# another tire question: pick the best of these



## VTDave (Apr 2, 2008)

I am locked into LT275/65/18, which limits my choices. Long story. Help me pick the best of these for slippery conditions (icy/slushy uphills and high-moisture snow generally):

Cooper Discoverer M+S (studdable)(or knock-off: Arctic Claw XSi, Avalanche)
Blizzak DM-VI (no studs)
Firestone Winterforce LT (studdable)
GY Duratrac (studdable)
Hankook iPike RW11 (studdable)

To my knowledge, these are my ONLY choices. Sorry for another tire thread.
Dave


----------



## kevlars (Feb 11, 2011)

I love my Duratracs. I only run them in the winter. Last season was the first for them. I used Cooper Discoverer ST's before that. They did well in snow. But the Duratracs are excellent in hard packed snow and ice. They are winter rated tire...snowflake on the side.

kevlars


----------



## cubicinches (Oct 19, 2008)

I have trucks with the Cooper Discoverer M & S, and the Hankook ipikes... both are very good tires. Nothing beats Nokian Hakkapeliittas though... not available in 18" though. I went and bought 17" wheels for my 2011 Chevy just so I could run that tire.


----------



## pooleo8 (Nov 8, 2009)

that size is found in the BFG A/T


----------



## scholzee (Nov 9, 2001)

Cooper Discoverer M+S


----------



## 06Sierra (Nov 30, 2008)

I run DuraTracs year round. They are awesome in the winter! If they are going to be dedicated winter tires and you stud them, they would be second to none.


----------



## mmtwin (Jan 14, 2005)

I have been running winerforce for about 10 years. I have dedicated snow tires. I always get them studded. I love them and the price


----------



## kevlars (Feb 11, 2011)

Where do you find Winterforces for a truck? Tire Rack only has smaller sizes.

kevlars


----------



## theplowmeister (Nov 14, 2006)

Of those tires its the Blizzak hands down for traction


----------



## 97S104x4 (Dec 31, 2009)

i hate my goodyear duratracs!! only lasted 15k miles


----------



## kevlars (Feb 11, 2011)

What are you running your Duratrac on? Are they E range tires? Miine have probably 10k on them and they are wearing very well.

Kevlars


----------



## 06Sierra (Nov 30, 2008)

I have seen the winterforce for trucks at sears.


----------



## 91AK250 (Nov 28, 2007)

coopers(studded), blizzaks or winterforce(studded) i own all 3 and love them all.


----------



## ddb maine (Dec 4, 2009)

To continue the discussion, I have heard alot about the Nokian Haakkakapieieltos..... They only come in an 8ply? called the local distributor. Are they that friggen good that its worth stepping down in weight handling?


----------



## ddb maine (Dec 4, 2009)

235/85/16 comes in 10ply. reasonably priced too considering you can only get them from dealers.


----------



## rick502 (Jan 5, 2011)

Dave - Cooper M&S are my favorites - 90% of the traction of the Goodyears or Blizzaks at nearly half the price. They do wear wuickly in summer but all the tires listed will as they are proper snow tires and made with the softer rubber. A couple of my friends are runnning the Winterforce with pretty good results and price is even lower than Cooper. Only down side they report is Winterforce produce a lot of road noise


----------



## cubicinches (Oct 19, 2008)

ddb maine;1311348 said:


> To continue the discussion, I have heard alot about the Nokian Haakkakapieieltos..... They only come in an 8ply? called the local distributor. Are they that friggen good that its worth stepping down in weight handling?

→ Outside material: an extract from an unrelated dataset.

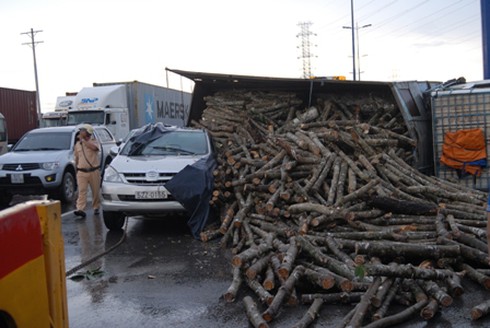 Lật xe chở gỗ, 5 người thoát chết may mắn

You need a different distributor... They come in ten ply. I buy a set every year.

They are positively unmatched in design. I'm not going to get into what could be a huge argument with these guys here, but if you actually know what makes a snow tire a good snow tire, then it is obvious. They are expensive. And, as far as tread life, they are not for year round use... But if you're looking for traction, nothing else compares... And I've run them all.

Oh... and it's spelled like this: Hakkapeliitta


----------



## rick502 (Jan 5, 2011)

No argument, Hakkapeliitta is great tire. They certainly don't fit every budget though and they aren't available in as wide a variety of sizes like some of the other tires here. Nokian was the first company I know of to offer tires with low void area and high sipe density which along with soft rubber compounds did set them appart from other manufacturers. I do belive other companies have caught on and offer tires with similar or near similar performance for less $


----------



## ddb maine (Dec 4, 2009)

I did find them in a 10 ply, just not in my stock size, but taller and more narrow is better anyways. As for price they are 200+- less than goodyear dura traks and only 150 more than the generals.... thats pretty unbeatable. I think I know whats going on the plowing rims.

hakakpelitos... nope. aint happening


----------



## ddb maine (Dec 4, 2009)

cubicinches;1311404 said:


> You need a different distributor... They come in ten ply. I buy a set every year.
> 
> They are positively unmatched in design. I'm not going to get into what could be a huge argument with these guys here, but if you actually know what makes a snow tire a good snow tire, then it is obvious. They are expensive. And, as far as tread life, they are not for year round use... But if you're looking for traction, nothing else compares... And I've run them all.
> 
> Oh... and it's spelled like this: Hakkapeliitta


wait wait wait a second... do they only last you one year? even with only 5-6 months of use? or do you run them full time regardless? or do you have a bunch of trucks and you rotate new ones in?
I was sort of hoping to get a few years out of them if they are off the truck spring-fall and during dry spells....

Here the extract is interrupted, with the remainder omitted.